At least Wolf Parade had the guiding hand of Isaac Brock on their debut, Apologies to the Queen Mary. The production talents of the Modest Mouse frontman, who signed them to Sub Pop, helped ensure its ecstatic critical reception. Brock also helped reconcile the more classic rock and pop tendencies of guitarist Dan Boeckner with the more esoteric leanings of keyboardist Spencer Krug. (Each of the two writes about half the tracks.)

That Wolf Parade’s June follow-up, At Mount Zoomer, surpasses Queen Mary in the eyes of many critics is impressive given that Brock wasn’t around this time. Like their debut, it embraces a dense, almost cryptic existential lyricism, with ecstatic, riff-happy guitar and keyboards leading the way. But At Mount Zoomer — composed largely of songs that began as jam sessions at the church their associates Arcade Fire own on the outskirts of Montreal — sheds Brock’s oft-stifling influence in favor of a progressive ’70s flavor that recalls Jethro Tull more than Modest Mouse. Album closer “Kissing the Beehive” clocks in at 11 minutes, and epic guitar solos abound. Yet somehow the album coheres, most of its songs buoyed by simple, sing-along choruses. Wolf Parade’s lyrics are always a puzzle, but the album’s recurring themes are risk, adventure, and separation.

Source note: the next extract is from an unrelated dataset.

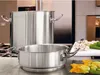 A kitchen scene with two stainless steel pots and some vegetables on a cutting board. Voir les images du produit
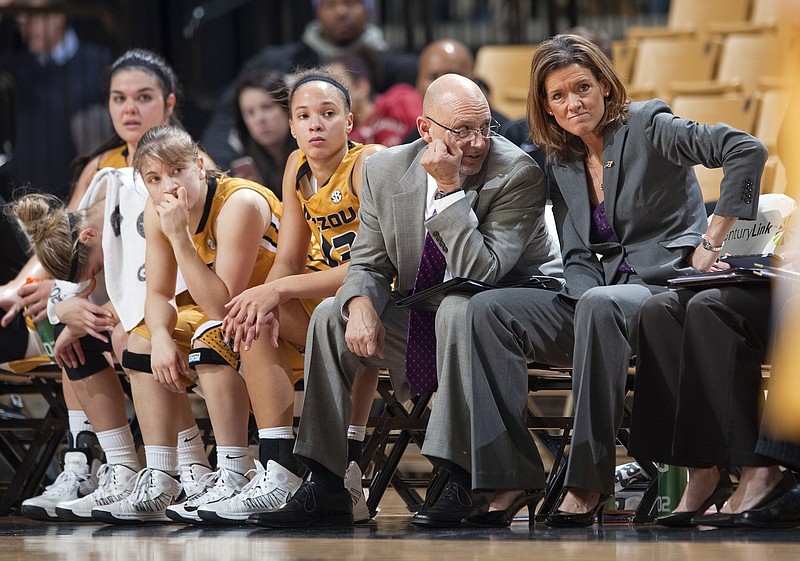 Missouri head coach Robin Pingeton, right, reacts to action late in the second half of an NCAA college game against Kentucky on Sunday, Jan. 13, 2013, in Columbia, Mo. Kentucky won 69-43.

Risk in the creative process as well: before recording, Krug and Boeckner made no effort to see whether they were on the same page. “Dan and I don’t really confer when it comes to lyrics,” says Krug. “That’s sort of like an unspoken rule, where we leave each other alone. It doesn’t appeal to us to work that way. It would make it not fun. So I don’t really know what he’s singing about most of the time, and he doesn’t know what I’m singing about.”

To hear Krug tell it, the CD sort of jelled, as if under its own power. “It just came together naturally. There weren’t any overarching visions. It was more just making a record that we wanted to make and seeing if it was usable.”

They knew going in that they wanted to take their sweet time in the studio, and for this reason they couldn’t use the in-demand Brock. So drummer Arlen Thompson did the engineering and the initial recording, and the whole group contributed to the mixing and the producing.

The songs were recorded last summer, and the group decided not to use any tracks they hadn’t composed recently. This meant some live favorites got left off the album. “I’ve heard there’s people ‘angry’ at us for not recording them,” says the oft-inscrutable Krug about the band’s fans, “but they can record them themselves if they want.”